Task item:
Repeat what the lines below say, word for word, and skip every image.

Source material:
▬▬▬
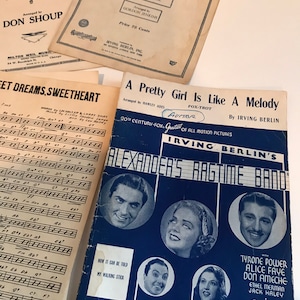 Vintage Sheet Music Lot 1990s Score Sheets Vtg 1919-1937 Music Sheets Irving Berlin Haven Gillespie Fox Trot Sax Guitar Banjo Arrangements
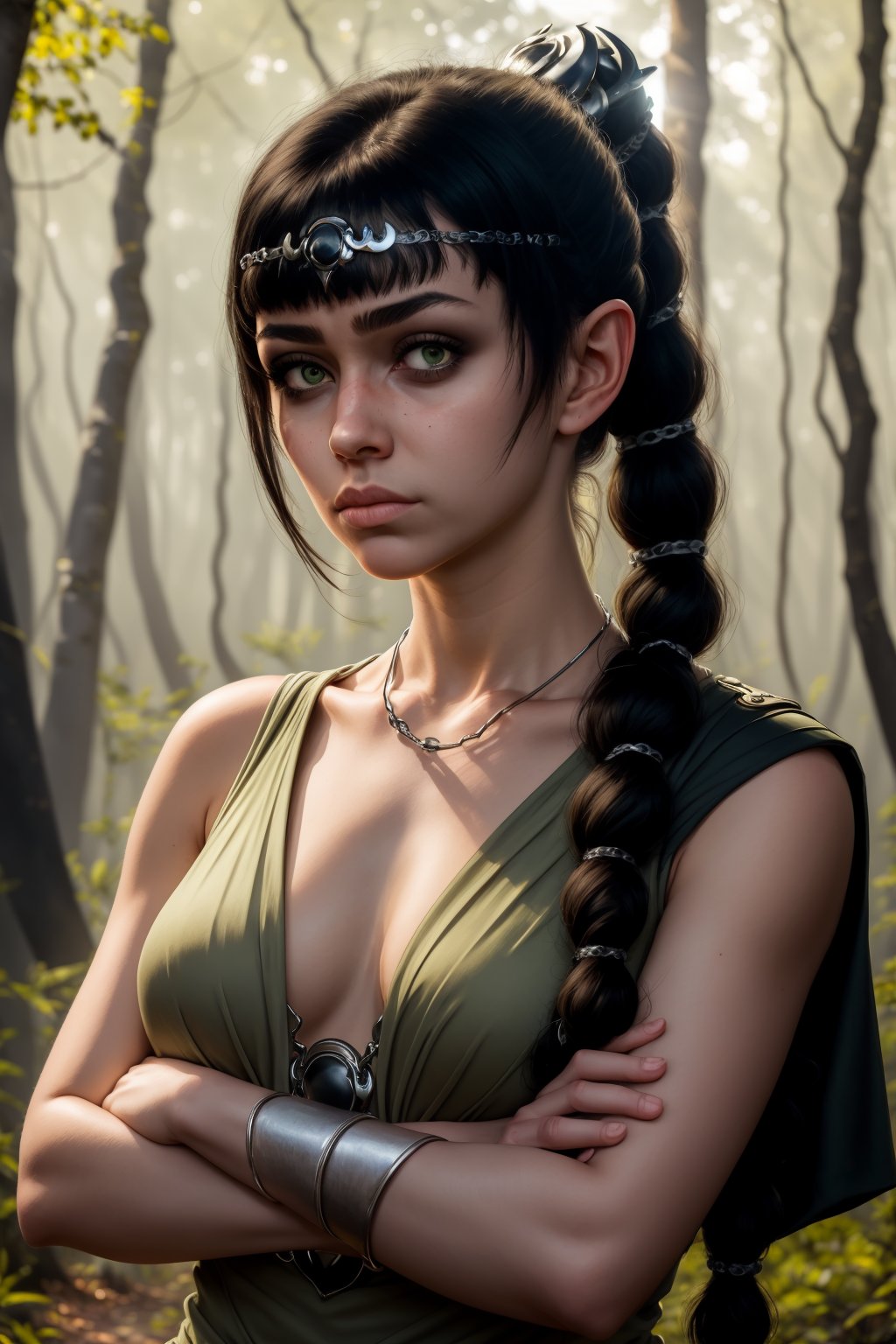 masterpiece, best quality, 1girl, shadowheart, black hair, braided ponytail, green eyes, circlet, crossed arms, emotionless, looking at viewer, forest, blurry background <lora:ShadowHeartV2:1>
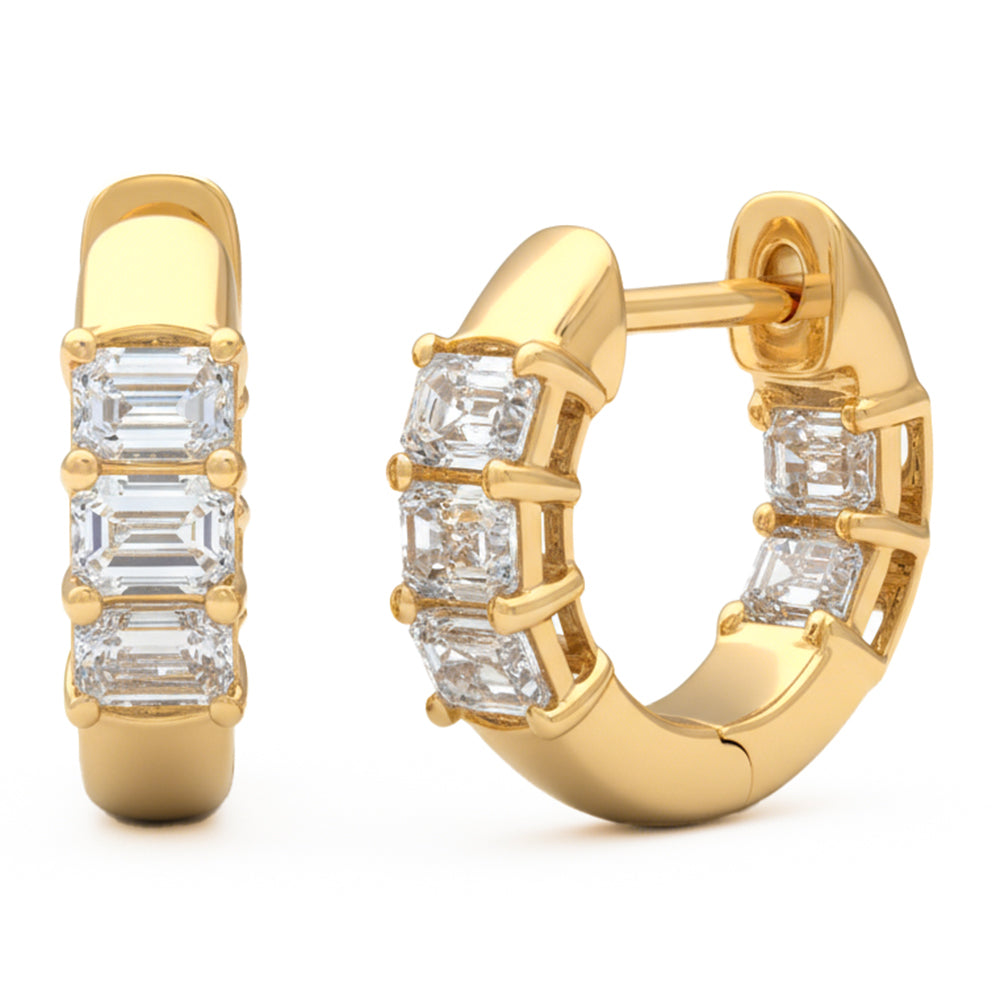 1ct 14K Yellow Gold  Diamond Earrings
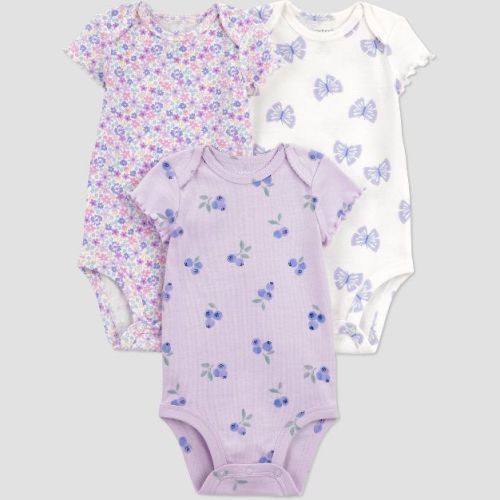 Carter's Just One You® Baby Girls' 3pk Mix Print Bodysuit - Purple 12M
▬▬▬
Output of the exercise:
 Vintage Sheet Music Lot 1990s Score Sheets Vtg 1919-1937 Music Sheets Irving Berlin Haven Gillespie Fox Trot Sax Guitar Banjo Arrangements
 masterpiece, best quality, 1girl, shadowheart, black hair, braided ponytail, green eyes, circlet, crossed arms, emotionless, looking at viewer, forest, blurry background <lora:ShadowHeartV2:1>
 1ct 14K Yellow Gold  Diamond Earrings
 Carter's Just One You® Baby Girls' 3pk Mix Print Bodysuit - Purple 12M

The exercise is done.